表現を変えていたら
不祥事は問題にならなかったのか?

 では、3番目の問題はどうでしょうか? 呼び方が「“女性エントリーユーザーを吉野家ファンにする戦略”という表現だったら、今回の不祥事は問題にはならない」でよかったのか?という問題です。

「生娘」といういかにも時代錯誤で差別的な表現がアウトで、ここは「女性エントリーユーザー」というべき。また、「シャブ漬け」という表現は犯罪を想起させる完全にアウトな表現で、ここは「ファンにする」という表現が正しい。これはまずもって安全な話法です。

 プロのマーケッターが早稲田の社会人講座で今回のような話をした事実から考察すれば、その背景には科学的な証拠として15歳から19歳の間であれば女性客は吉野家ファンになりやすい。

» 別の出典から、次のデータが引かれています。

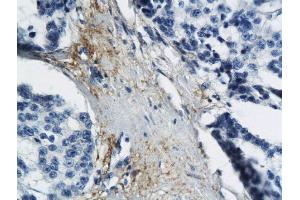 Formalin-fixed and paraffin embedded human breast cancer labeled with Anti MT-ND6 Polyclonal Antibody, Unconjugated  followed by conjugation to the secondary antibody and DAB staining (MT-ND6 antibody  (AA 51-150))
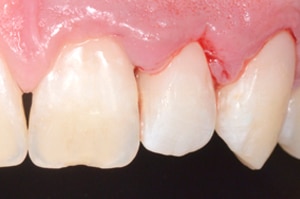 Acces soins sous gingivaux demi clamp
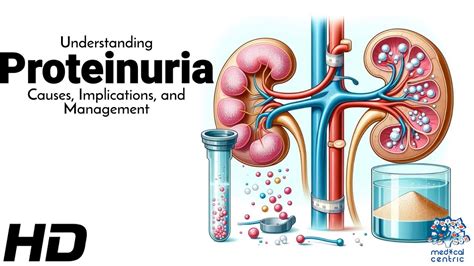 Proteinuria Significance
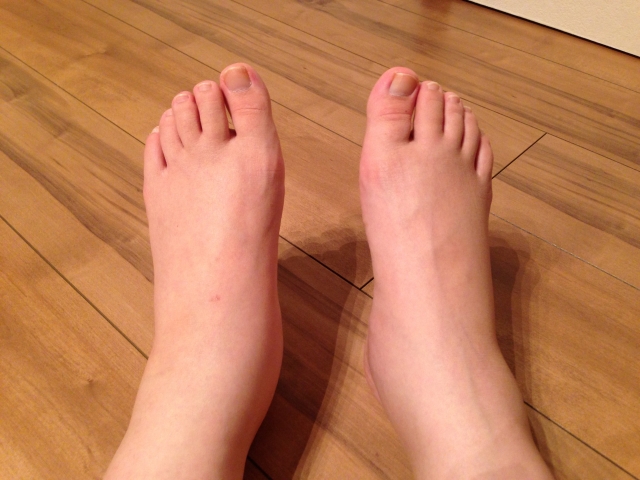 顔が腫れるのはなぜですか?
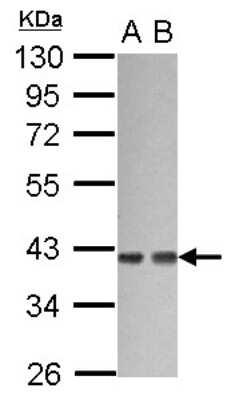 Western Blot: G protein alpha 12 Antibody [NBP2-16556]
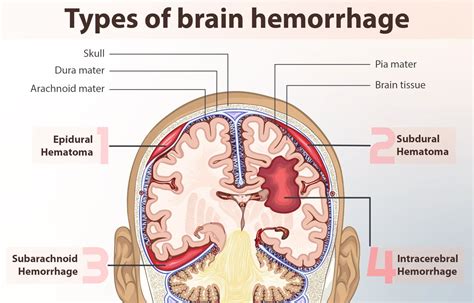 Brain Bleed Surgery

これが20代になると格段に難しくなるといった事実があったのでしょう。

 たとえそれが事実でも、その事象を「おいしいものを男性におごってもらうようになった後では吉野家ファンにするのは困難だ」と説明するのは、ジェンダー問題上よくないという批判も見受けられました。

 その批判の意図は理解できます。しかし、仮に吉野家がマーケティング調査として20代女性を対象にしっかりとしたフォーカスインタビューを行ったところ、上記と同じ証言が有意な数得られたとしたらどうなのでしょうか? 外資系企業でマーケティングをたたき込まれたマーケッターなら、普通そこまでちゃんとやります。

 もし、それが事実だった場合にも社会人講座でそれを披露する際にはもっと穏当な表現に直す必要があるという主張もあるかもしれません。ただこの論点は、「たとえ表現を変えたとしても戦略として企業がやってもいいのかどうか」という問題を内包しています。